■ Description of the task
Should an entry include a picture, omit the picture and still repeat everything else exactly.

■ Excerpted records
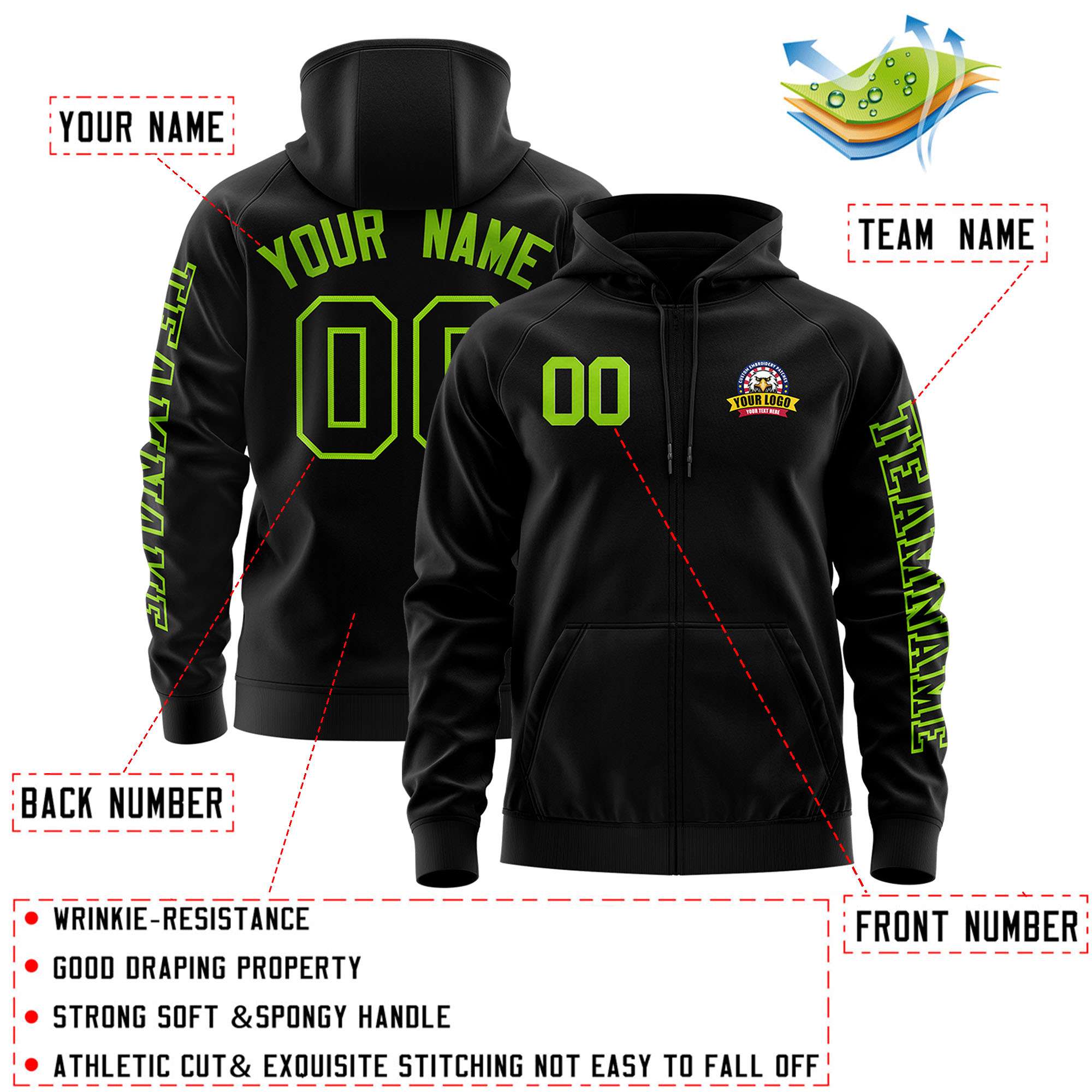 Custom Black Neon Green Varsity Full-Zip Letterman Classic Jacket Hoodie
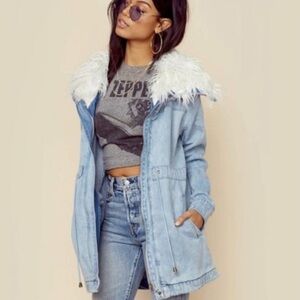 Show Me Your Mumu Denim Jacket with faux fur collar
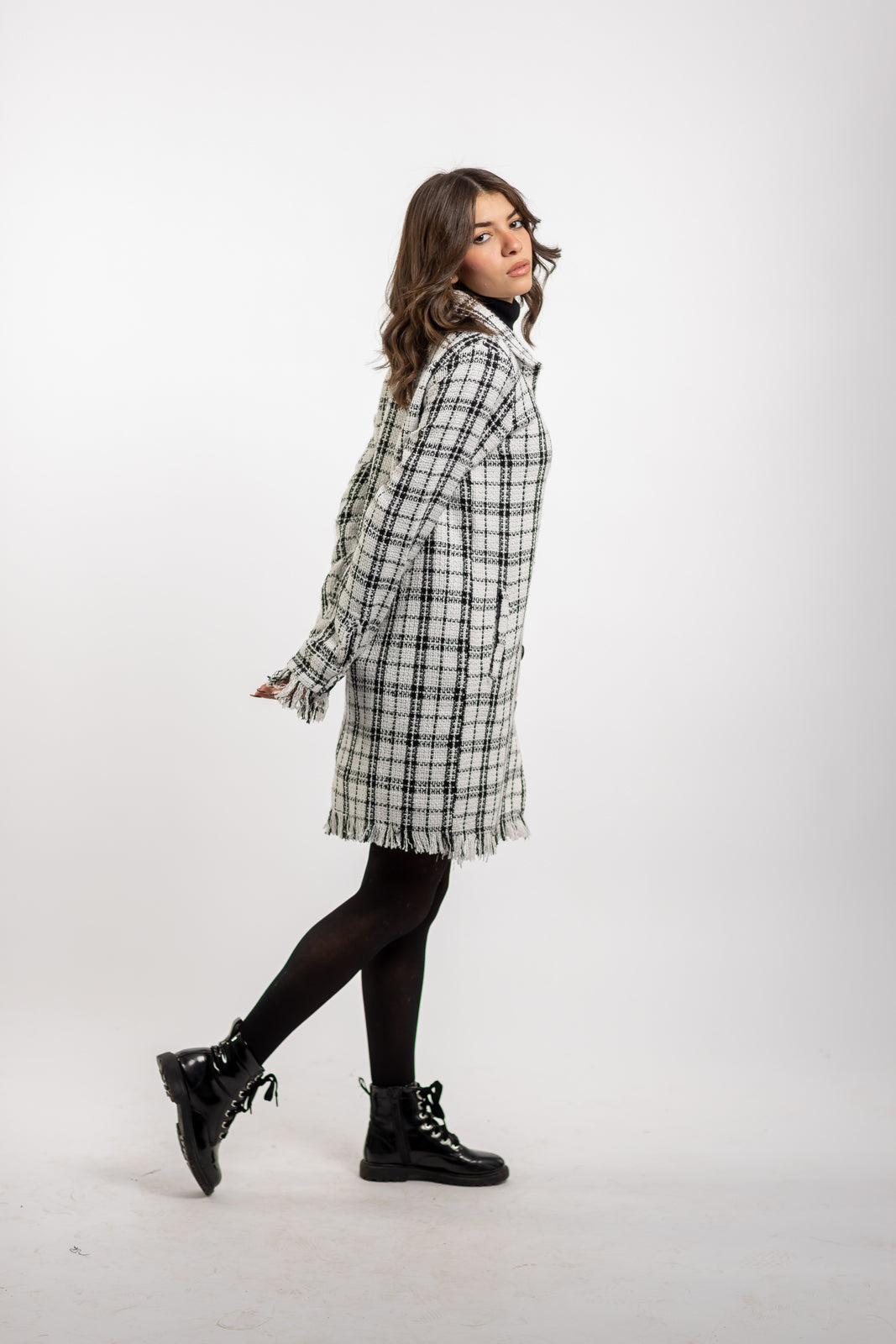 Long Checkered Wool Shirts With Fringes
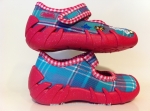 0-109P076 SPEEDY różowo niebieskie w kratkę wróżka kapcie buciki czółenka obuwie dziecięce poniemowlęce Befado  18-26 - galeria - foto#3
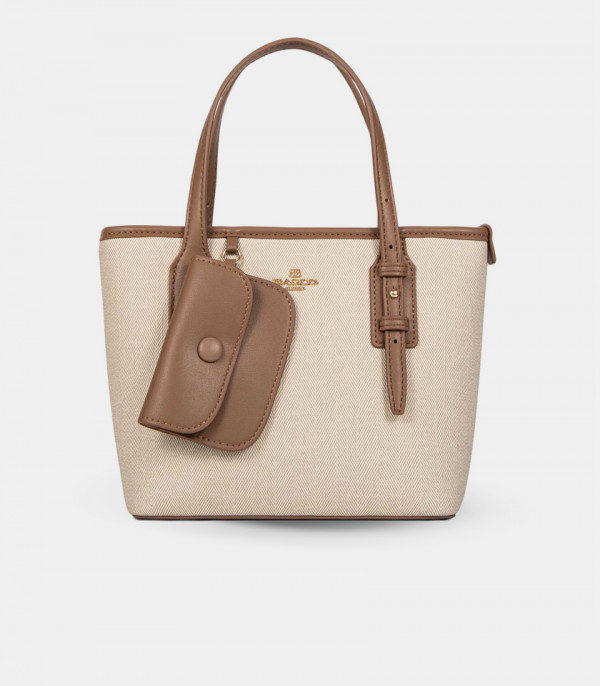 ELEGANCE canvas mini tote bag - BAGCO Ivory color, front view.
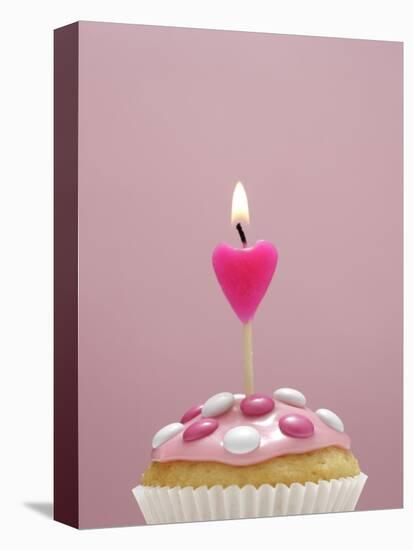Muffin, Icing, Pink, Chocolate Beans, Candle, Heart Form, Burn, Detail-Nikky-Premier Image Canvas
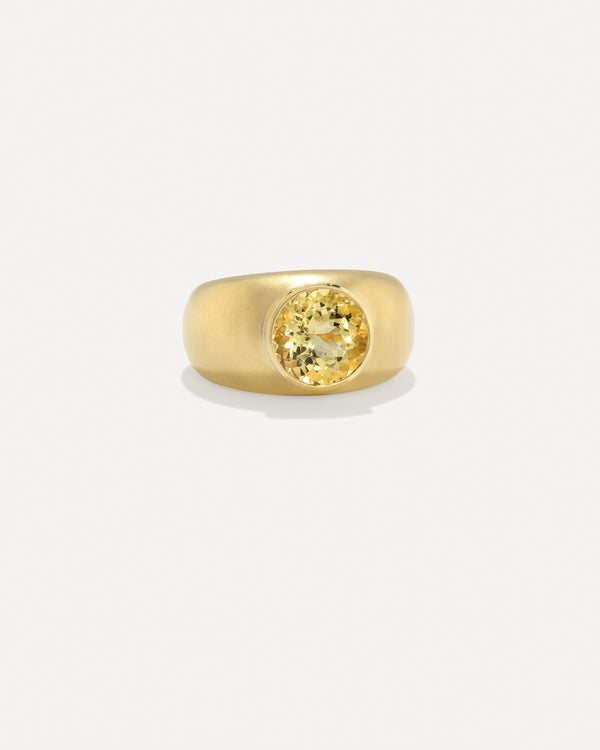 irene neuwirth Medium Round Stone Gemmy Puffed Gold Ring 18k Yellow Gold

■ Your solution
 Custom Black Neon Green Varsity Full-Zip Letterman Classic Jacket Hoodie
 Show Me Your Mumu Denim Jacket with faux fur collar
 Long Checkered Wool Shirts With Fringes
 0-109P076 SPEEDY różowo niebieskie w kratkę wróżka kapcie buciki czółenka obuwie dziecięce poniemowlęce Befado  18-26 - galeria - foto#3
 ELEGANCE canvas mini tote bag - BAGCO Ivory color, front view.
Muffin, Icing, Pink, Chocolate Beans, Candle, Heart Form, Burn, Detail-Nikky-Premier Image Canvas
 irene neuwirth Medium Round Stone Gemmy Puffed Gold Ring 18k Yellow Gold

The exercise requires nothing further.